You never leave my thoughts.

2015 January - December

Created by Mrs Sandra Horsfield 7 years ago

You have been gone two & a half years. You never leave my thoughts Ken. I miss the boys so much too, We went over in November think we gave Shanny a bit of a shock. I had been promised l would get to see them, for over the last 12 months. We thought the only way we would see them was to go over. We called again just before Christmas took them all a present, even Shanny, we got a nice hug from Chris & Josh when we were leaving. Asked them if they would come & see us they said yes.

Yet they still never ring txt or send a message. We really thought we were getting somewhere with them.

We went over a good few times in total in 2015 to let them see we care,
You asked Shanny at the hospice to let us see boys, I think you should have also talked with Chris & Josh so they knew how you felt & what your wishes were.
Don't think they have been reminded or reminded about grandparents only Shannys mum & dad. They know nearly every member of Shanny's family, yet not many on our side.

Really thought shanny would have wanted them to keep in touch with us and family, we are the nearest thing to you. They only ever met them when you or we took them to meet them. l don't think l will ever mean as much to Chris & Josh as my mum meant to you. They only care about Shannys family. Shanny only keeps in touch with our Paula.

Shanny said she would come over the other week, but have not had any messages or any thing so far. I sent Chris & Shanny a text, I didn't get an answer from them. This time i'm going to wait & not get in touch. I don't think l can keep doing this anymore, thinking I've finally got some were, just to find out a few weeks later l didn't get through to any of them at all, they just don't care whether they see us or not.  I'm afraid your mum & dad (us) don't count as family in any of their lives. 

I don't think Shanny as ever really wanted us in hers or their lives, I can't think of been asked even once to visit your house not even when you were alive, I know you wanted us to come. I wanted Shanny to come to ours which she did but not often. I tried perhaps not hard enough.......it was very hard work. It was very hard to be nice to someone that constantly nearly each time we had arranged to meet up or come for a meal, or bring boys only to find they didn't come, or didn't turn up. 
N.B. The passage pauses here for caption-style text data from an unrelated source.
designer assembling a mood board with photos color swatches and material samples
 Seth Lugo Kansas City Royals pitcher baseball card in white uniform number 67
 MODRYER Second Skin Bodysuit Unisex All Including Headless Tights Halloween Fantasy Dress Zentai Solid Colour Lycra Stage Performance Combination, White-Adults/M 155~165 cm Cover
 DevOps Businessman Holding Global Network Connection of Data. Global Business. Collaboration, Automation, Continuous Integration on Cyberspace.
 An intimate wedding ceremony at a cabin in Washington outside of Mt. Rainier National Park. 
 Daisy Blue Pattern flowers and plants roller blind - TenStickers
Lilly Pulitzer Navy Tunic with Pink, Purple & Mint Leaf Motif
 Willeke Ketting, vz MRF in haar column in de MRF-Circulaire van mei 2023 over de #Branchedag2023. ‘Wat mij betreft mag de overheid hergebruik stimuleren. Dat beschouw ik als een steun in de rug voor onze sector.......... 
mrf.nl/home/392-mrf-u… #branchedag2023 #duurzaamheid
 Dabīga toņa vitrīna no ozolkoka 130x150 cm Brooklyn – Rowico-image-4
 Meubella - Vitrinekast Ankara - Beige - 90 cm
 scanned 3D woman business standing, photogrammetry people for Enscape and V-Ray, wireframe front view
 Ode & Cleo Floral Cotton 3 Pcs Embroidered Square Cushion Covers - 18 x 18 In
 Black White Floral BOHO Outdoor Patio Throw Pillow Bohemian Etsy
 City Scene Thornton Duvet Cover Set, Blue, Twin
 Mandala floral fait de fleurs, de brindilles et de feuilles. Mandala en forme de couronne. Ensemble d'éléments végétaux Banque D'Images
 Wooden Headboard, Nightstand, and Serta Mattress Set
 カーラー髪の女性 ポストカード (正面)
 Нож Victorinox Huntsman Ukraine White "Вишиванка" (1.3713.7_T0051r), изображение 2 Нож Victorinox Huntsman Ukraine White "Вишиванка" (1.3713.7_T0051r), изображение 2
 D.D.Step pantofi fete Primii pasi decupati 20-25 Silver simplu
What happens in the future I don't know, it would be wonderful to have caring grandchildren in our lives, sadly only Shannys family have that privilege. We wont stop trying with the boys, maybe one day they will remember us, they may think they missed out on two loving grandparents and wonder why they didn't see us much.  There will be family on our side that will tell them how hard we have wanted to be part of there lives.  

We and our family definitely saw more of the boys when you were here Ken, wonder if they will remember that.